Et puis à 2 mois et demi alors que tu as encore besoin de deux repas à la seringue par jour, que tu commences juste à découvrir la nourriture, tu as fait le grand voyage.
Dans une caisse et hop hop hop en route pour l’animalerie.
Super toi qui n’avais vécu que dans un environnement confiné, tu te retrouves exposé dans une cage à la vue de tous. Sous un éclairage artificiel allumé de 8 h du matin à 20h le soir en moyenne.
Bien sûr, tu es perdu, ça déambule, ça crie, ça tapote sur la cage. Et puis cette musique et ces annonces non-stop.
La sieste de l’après-midi… bin on oublie, trop de bruit, trop de passage, impossible de s’isoler un peu.
Pourtant tu es fatigué… Normal tu n’es qu’un bébé.
Et puis comme dans cette animalerie on est aussi spécialisé dans les perroquets, un jour, on t’attrape et on te coupe les deux ailes.
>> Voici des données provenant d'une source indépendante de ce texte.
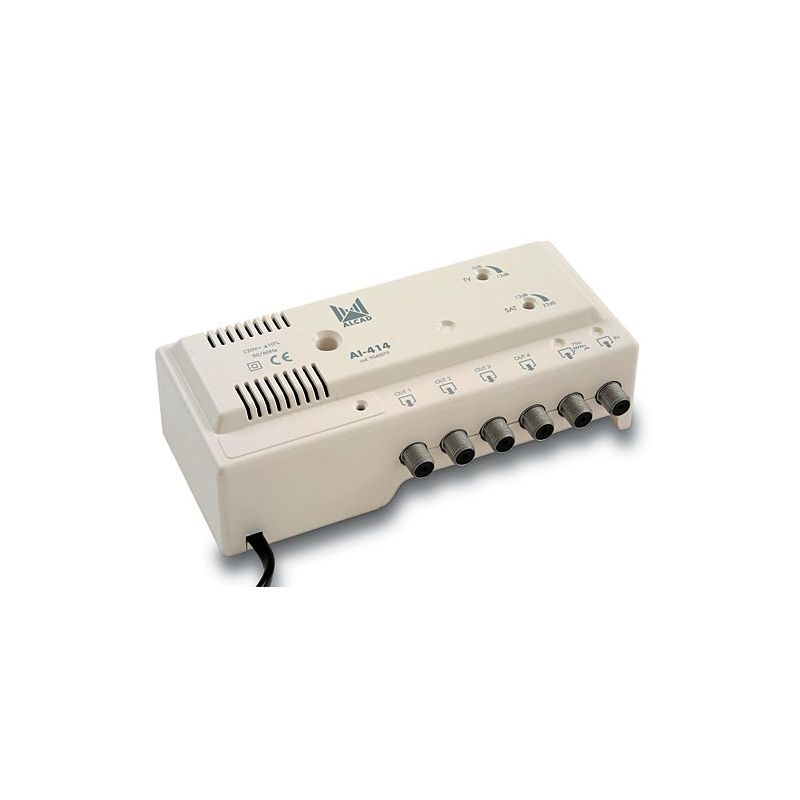 Alcad AI-414 Indoor amplifier TV + FI 4 Outputs P.C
Rémiges primaires et secondaires.
Toi tu as peur, tu cries, tu essaies de pincer de te sauver mais à quoi bon, tu n’es qu’un bébé…
Puis ils te remettent dans ta cage, et là tu ne comprends rien, tu tombes… avant quand tu faisais des petits sauts, tes ailes freinaient la chute et tu commençais à battre des ailes… Tu t’entrainais pour le jour ou tu volerais… mais ce jour est bien loin maintenant.
Et puis un jour un visiteur t’a choisi. Il a eu le coup de cœur pour toi.
Formidable, une vraie vie de famille. Il a fait toutes les démarches, il veut faire tout bien.
Il achète la grande cage, les jouets, etc… tout ce que lui conseille le vendeur.
Un vendeur qui est surtout formé au remplissage du panier moyen, malheureusement pour toi, petite plume et quasiment aucune connaissance sur tes besoins…
Et quand ton visiteur veut te toucher, toi tu veux juste
pincer, crier et t’enfouir et tu tombes et tu te blesses… Et ton
visiteur est encore plus perdu…
Alors tu continues, une plume, deux plumes, trois plumes….
Le visiteur va venir te chercher pour te mettre dans la grande cage avec plein de jouets.
Il veut faire les choses bien, il pense faire les choses bien…
Mais toi tu es juste perdu, tu ne veux plus de ces mains qui te font
peur… Tu ne veux plus de contacte avec ces sans plume qui te font peur
aussi. Et comme vous ne vous comprenez pas du tout, toi et ton
visiteur, et bien tu commences par enlever une puis deux puis trois
plumes…
Tu es en train de devenir une sans plume…
Tu vas voir un super docteur pour les plumes qui dira que c’est normal, les perroquets c’est comme ça ! Et il va te mettre sous anti dépresseur, une bonne dose de cheval !
Tu n’as pas un an…
Tu ne joues plus, tu attends dans ta prison dorée condamnée à la perpétuité sans espoir de remise de peine.